Второй наиболее часто встречающийся ответ на предположение, что наука идет к концу, — после «вот что они думали в конце прошлого столетия» — это старая максима «ответы рождают новые вопросы». В своей работе «Пролегомены к любой будущей метафизике» Кант писал, что «любой ответ, данный на принципе опыта, порождает новый вопрос, который также требует ответа и таким образом ясно показывает недостаточность всех физических типов объяснения, чтобы удовлетворить разум». Но Кант также предположил (предвидя аргументы Гюнтера Стента), что внутренняя структура наших умов сдерживает и вопросы, которые мы ставим природе, и ответы, которые мы из нее вытягиваем.

Конечно, наука продолжит ставить новые вопросы. Большинство из них тривиальны, потому что касаются деталей, которые не влияют на наше базовое понимание природы. Кого, кроме специалистов, на самом деле волнует точная масса кварков, существование которых было окончательно подтверждено в 1994 году в результате исследования, стоившего миллиарды долларов? Есть другие вопросы — глубокие, но не имеющие ответов. Фактически, наиболее часто встречающимся фоном для конца науки — достижения удовлетворяющей всех теории, о которой мечтают Роджер Пенроуз и другие, — является способность человека изобретать вопросы, на которые не найти ответов. В случае представления ценной теории, объясняющей всё, кто-нибудь всегда может спросить (и спросит): откуда мы знаем, что кварки и даже суперструны (в маловероятном случае, если в один прекрасный день докажут их существование) не состоят из еще более мелких сущностей — и так до бесконечности? Откуда мы знаем, что видимая Вселенная не является одной из бесконечного числа вселенных? Была наша Вселенная необходима или это космическая счастливая случайность? А как насчет жизни? Способны ли компьютеры на разумную мысль? А амебы?

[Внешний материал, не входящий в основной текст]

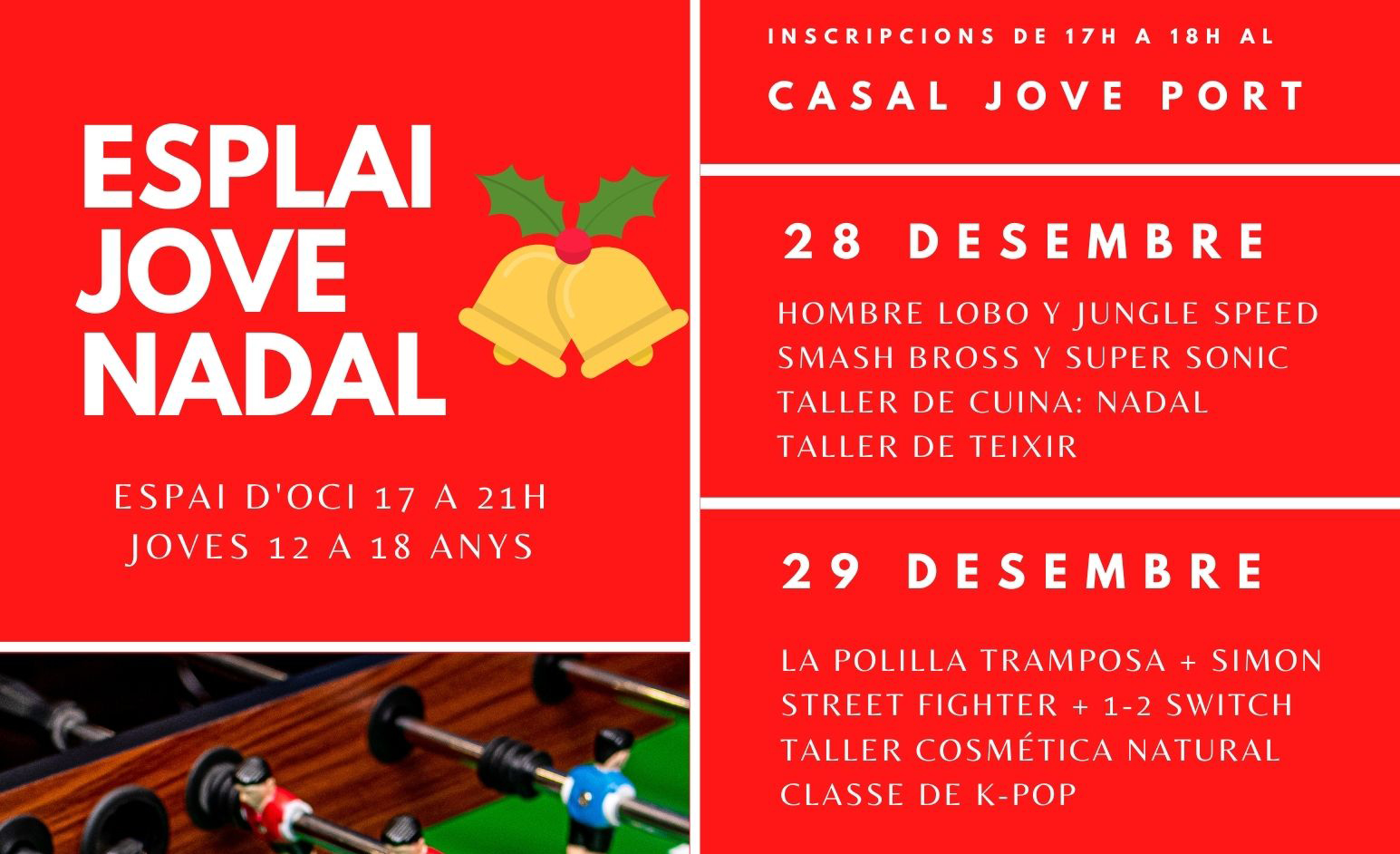 Tallers, cursos i tornejos en el Nadal Jove 2020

Независимо от того, как далеко зайдет эмпирическая наука, наше воображение всегда может зайти дальше. Это самое серьезное препятствие надеждам — и страхам — ученых, что мы найдем Ответ, теорию, которая навсегда удовлетворит наше любопытство. Фрэнсис Бэкон, один из основателей современной науки, выразил свою веру в потенциал науки латинской фразой plus ultra или «еще дальше вперед» [30]. Но plus ultra не относится непосредственно к науке per se (само по себе, по сути, лат. — Пер.), которая является сильно ограниченным методом исследования природы. Plus ultra относится, скорее, к нашему воображению. Хотя наше воображение сдерживается нашей эволюционной историей, оно всегда сможет вырваться за пределы того, что мы достоверно знаем.

Даже в «новой Полинезии», предполагал Гюнтер Стент, несколько настойчивых лиц будут пытаться преодолеть полученную мудрость. Стент назвал этих правдоискателей фаустианцами (он заимствовал термин у Освальда Шпенглера). Я называю их сильными учеными (термин, который я взял в «Беспокойстве влияния» Гарольда Блума). Ставя вопросы, на которые наука не может ответить, сильные ученые могут продолжать поиск знаний в гипотетическом режиме, который я называю иронической наукой, даже после того, как эмпирической науке — науке, которая отвечает на вопросы, — придет конец.

Поэт Джон Китс придумал термин «негативная способность» для описания способности некоторых великих поэтов оставаться «в неуверенности, тайнах, сомнениях без раздражающего стремления к фактам и разуму». В качестве примера Китс привел своего современника Сэмюэля Колриджа, который «опустит прекрасное изолированное правдоподобие, пойманное в святилище тайны, из-за невозможности оставаться довольным половинчатым знанием» [31]. Самой важной функцией иронической науки является служение негативной способности человечества. Ироническая наука, поднимая вопросы, на которые нет ответов, напоминает нам, во-первых, что все наши знания половинчаты, и, во-вторых, о том, как мало мы знаем. Но ироническая наука не делает никакого значительного вклада в сами знания. Таким образом, ироническая наука менее схожа с наукой в традиционном смысле, чем с литературной критикой — или философией.